Ero sicura che quello di Antonio Latella sarebbe stato quel Pinocchio lì. Quello dei timori della mia infanzia. Ero sicura che mi avrebbe spaventato con la bambina dai capelli turchini, con la sua morte, e con l’impiccagione di Pinocchio mi avrebbe fatto pensare: ‘Ok: è finita qui’. E invece no.

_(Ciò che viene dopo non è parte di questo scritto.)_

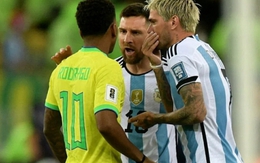 Bị cầu thủ đáng tuổi cháu chê hèn nhát, Messi tức giận dùng tay nắm cổ đối phương và đáp trả cực gắt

Trucioli come neve, Pinocchio fastidioso come dovrebbe essere (chissà perché nella mia memoria era solo sciocco e ingenuo e non insopportabile come effettivamente viene descritto da Collodi…) eppure qualcosa mi è mancato.
Seguo Latella da anni, grazie ad amici che hanno recitato nei suoi spettacoli e a causa della botta al cuore che ho avuto quando Romeo e Giulietta abbracciati sul palco hanno iniziato a roteare in uno spettacolo (nel lontano 2001) in cui sembravano tutti bambini e non potevo che piangere; di quel piccolo blocco nella pancia che ho ricercato poi negli anni, quell’attimo in cui il teatro ogni volta mi ricorda quanto sia necessario.

Per questo sono rimasta delusa. Più di quelli che, tra il pubblico – meschini che non siete altro – aspettavano la Disney e la fata turchina con la bacchetta magica.
Antonio Latella è un regista straordinario e gli sono grata per avermi dato conferma di quel mondo oscuro della mia infanzia, quello in cui un racconto fa comprendere a un bambino che c’è qualcosa di profondamente buono o cattivo o confuso. Ma anche buio e spaventoso. In cui si delude e non si può tornare indietro.

Nonostante le grandi capacità degli attori in scena (che in alcuni sprazzi, come sul palco dei burattini, sono fenomenali) ho trovato lo spettacolo eccessivamente lungo. Forse l’obiettivo di Latella era quello di sfinire lo spettatore, non so, per fargli comprendere chi fosse davvero quel pezzo di legno che aspirava a diventare un bambino vero. Forse Pinocchio non crea semplicemente empatia con il pubblico e non si riesce a seguirlo con attenzione lungo tutto il percorso. Forse nell’interpretazione di Christian La Rosa ho visto più fatica e tecnica che altro quella sera. Peccato.

Facciamo tanti pupazzetti di Pinocchio da vendere ai turisti ma non sappiamo chi sia. Sarebbe stata una buona occasione per conoscerlo.
O riconoscerlo, se da bambini in un brutto sogno un gigante verde vi ha pescato in una rete come era successo e lui.